GroupOn: a license to print money - emanuer
http://www.technologyreview.com/web/37985/
http://www.tnl.net/blog/2011/07/24/how-much-is-a-user-worth/
======
emanuer
I submitted the article and must add that the data in it is rather
unbelievable.

A different article has GroupOn's Average Revenue per User at 8.6 USD
<http://www.tnl.net/blog/2011/07/24/how-much-is-a-user-worth/>.

One more article has the average revenue/subscriber at 9$
[http://www.dmnews.com/groupons-q2-revenue-rises-but-net-
inco...](http://www.dmnews.com/groupons-q2-revenue-rises-but-net-income-free-
falls/article/209385/)

This is still 4 times more than LinkedIn's average Revenue per User.
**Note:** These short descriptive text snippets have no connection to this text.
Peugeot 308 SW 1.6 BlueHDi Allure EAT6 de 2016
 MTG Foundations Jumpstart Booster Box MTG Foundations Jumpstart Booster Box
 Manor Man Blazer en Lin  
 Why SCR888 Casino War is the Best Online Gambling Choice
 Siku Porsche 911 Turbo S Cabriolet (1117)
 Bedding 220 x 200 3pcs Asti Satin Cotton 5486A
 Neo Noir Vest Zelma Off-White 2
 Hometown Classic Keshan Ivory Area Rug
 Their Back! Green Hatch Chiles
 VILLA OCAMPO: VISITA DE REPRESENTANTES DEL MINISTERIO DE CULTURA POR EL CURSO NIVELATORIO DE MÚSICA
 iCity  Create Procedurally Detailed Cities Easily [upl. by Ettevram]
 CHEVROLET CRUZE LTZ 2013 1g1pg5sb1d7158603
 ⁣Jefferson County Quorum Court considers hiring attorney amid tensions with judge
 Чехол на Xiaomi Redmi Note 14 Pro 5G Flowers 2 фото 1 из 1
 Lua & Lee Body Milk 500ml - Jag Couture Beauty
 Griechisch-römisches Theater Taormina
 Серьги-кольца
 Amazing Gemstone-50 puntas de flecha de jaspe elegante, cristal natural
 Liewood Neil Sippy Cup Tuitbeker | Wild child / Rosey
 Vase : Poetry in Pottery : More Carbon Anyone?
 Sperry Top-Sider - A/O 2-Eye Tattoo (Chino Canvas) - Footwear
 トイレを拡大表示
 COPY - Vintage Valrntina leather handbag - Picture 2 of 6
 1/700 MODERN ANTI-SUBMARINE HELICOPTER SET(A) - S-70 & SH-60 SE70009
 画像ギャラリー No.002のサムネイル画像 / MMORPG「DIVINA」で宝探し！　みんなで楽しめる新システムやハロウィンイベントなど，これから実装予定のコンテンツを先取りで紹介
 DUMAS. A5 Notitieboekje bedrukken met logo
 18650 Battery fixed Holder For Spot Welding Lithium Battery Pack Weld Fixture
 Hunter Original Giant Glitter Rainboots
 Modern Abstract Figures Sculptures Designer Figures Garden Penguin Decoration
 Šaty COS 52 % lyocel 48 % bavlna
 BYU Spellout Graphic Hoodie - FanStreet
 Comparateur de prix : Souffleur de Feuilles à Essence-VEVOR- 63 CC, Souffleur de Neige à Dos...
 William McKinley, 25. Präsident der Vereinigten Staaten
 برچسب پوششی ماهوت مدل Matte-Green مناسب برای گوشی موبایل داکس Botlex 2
Where as
Linked in has a valuation 47 times the Revenue/User, GroupOn has "only" a
valuation of 31 times the Revenue/User.

Assuming the data is correct, I really don't understand the "GroupOn bashing"
in Hacker News comments. All of the last articles about GroupOn I read where
predicting that this Ponzi-scheme has no future.

Is there some fundamental metrics I am missing? Or is GroupOn really a very
profitable business once they get the expenses under control?

------
veyron
There is a claim of ~$80 per "Active User", but what is an active user? The
article conveniently ignores those figures.